-- What to do --
Below are records with pictures. Transcribe exactly, and only, the lines from the line with "CNP 차앤박 인비져블 필링 부스터 100ml 얼굴필링젤 페이셜스크럽, 1개" to the line with "Helly Hansen Men's Aegir Ocean Jacket view 1", both ends included, but not the pictures.

-- Dataset --

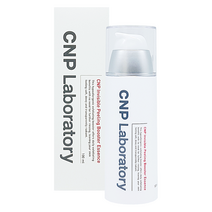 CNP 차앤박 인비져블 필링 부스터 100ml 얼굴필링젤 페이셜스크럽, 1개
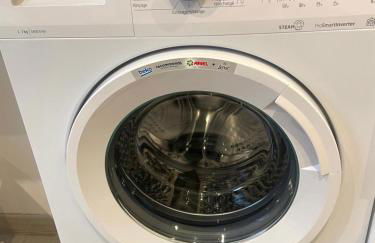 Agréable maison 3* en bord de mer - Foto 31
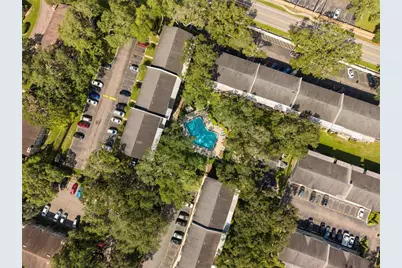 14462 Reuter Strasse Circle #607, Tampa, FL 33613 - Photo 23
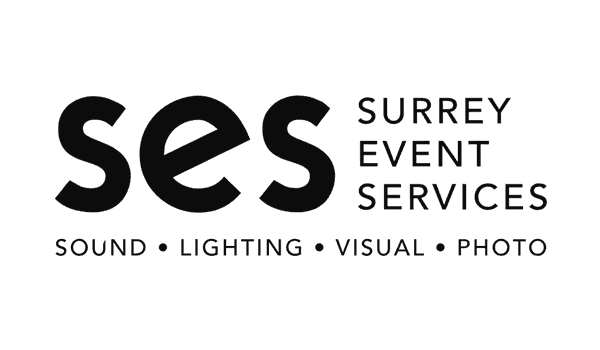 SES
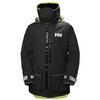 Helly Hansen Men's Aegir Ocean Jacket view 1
==
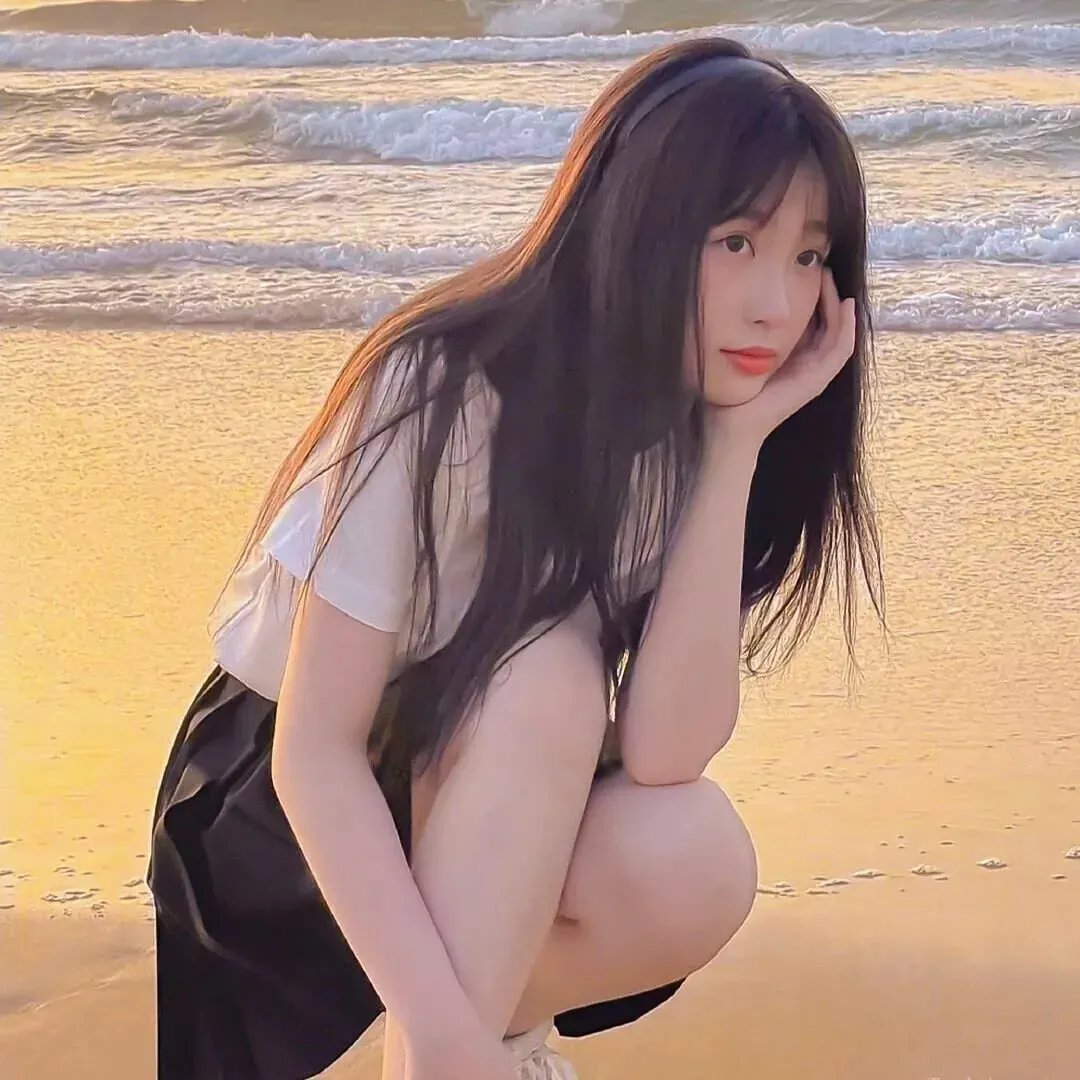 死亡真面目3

-- Answer to this task --
 CNP 차앤박 인비져블 필링 부스터 100ml 얼굴필링젤 페이셜스크럽, 1개
 Agréable maison 3* en bord de mer - Foto 31
 14462 Reuter Strasse Circle #607, Tampa, FL 33613 - Photo 23
 SES
 Helly Hansen Men's Aegir Ocean Jacket view 1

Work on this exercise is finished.